• **Record excerpts**:
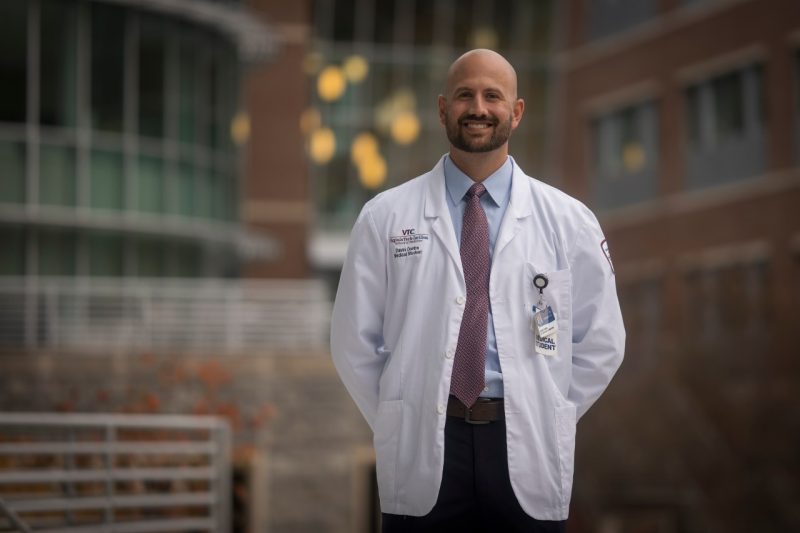 Davin Combs, a fourth-year medical student, stands in his white coat in front of the Virginia Tech Carilion School of Medicine building.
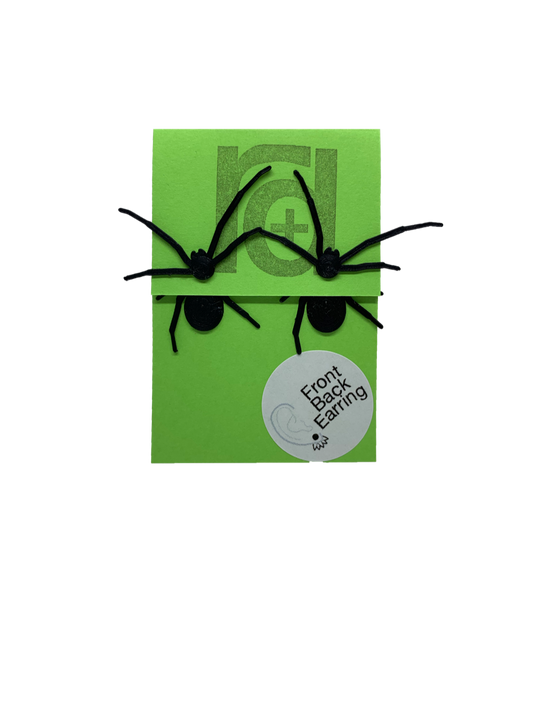 Two front back or jacket earrings are pictured on a bright green paper earring card. Each earring has two parts that are worn on each side of the earlobe. The effect is that these black long legged spiders will look as though they are crawling through your earlobe when you wear them. The front piece has two legs and the spider's head with little pinchers visible. The back piece has two more legs and a rounded black body.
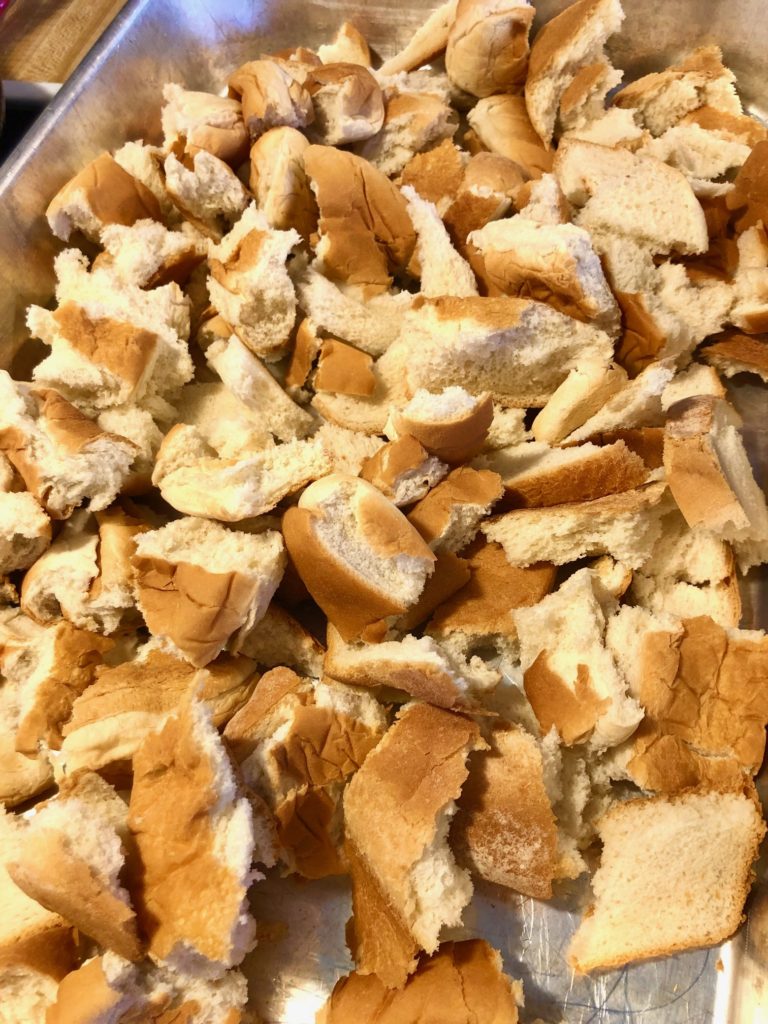 hamburger buns, hotdog rolls and leftover bread torn into two inch pieces in silver baking dish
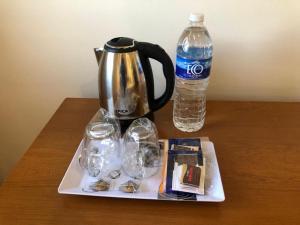 Ein Teekessel und eine Flasche Wasser auf einem Tisch in der Unterkunft Bristol Hotel in Buenos Aires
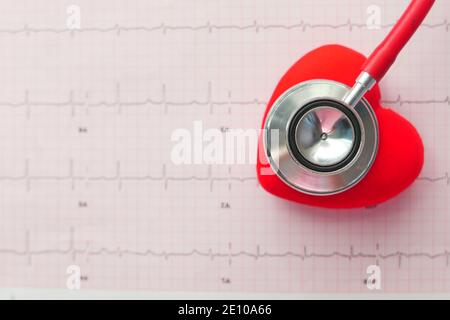 stethoscope and heart on a cardio diagram. Stock Photo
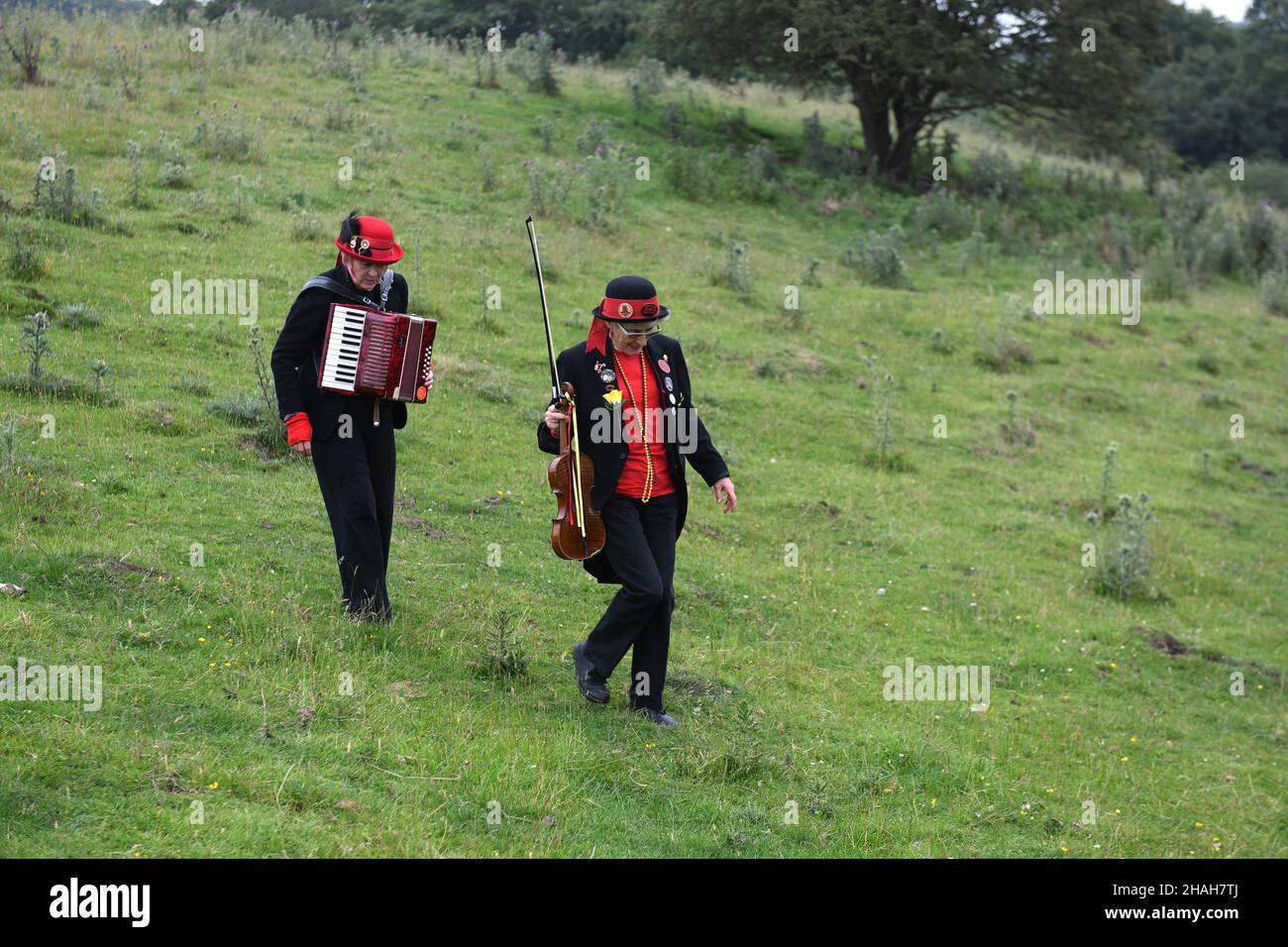 Des musiciens du groupe de danse traditionnelle Ironmen & Severn Gilders traversent un champ Banque D'Images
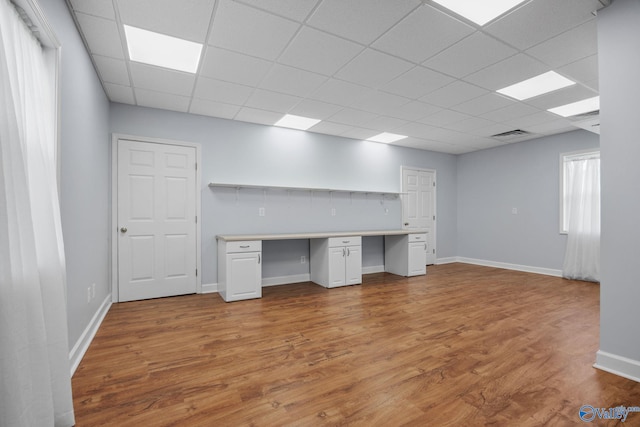 unfurnished office featuring a paneled ceiling, built in desk, and light hardwood / wood-style floors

• **Your goal**:
Among the entries above, take the line with "hamburger buns, hotdog", the line with "Des musiciens du", and all the lines between them, and restate them word for word without pictures.

• **Task response**:
 hamburger buns, hotdog rolls and leftover bread torn into two inch pieces in silver baking dish
 Ein Teekessel und eine Flasche Wasser auf einem Tisch in der Unterkunft Bristol Hotel in Buenos Aires
 stethoscope and heart on a cardio diagram. Stock Photo
 Des musiciens du groupe de danse traditionnelle Ironmen & Severn Gilders traversent un champ Banque D'Images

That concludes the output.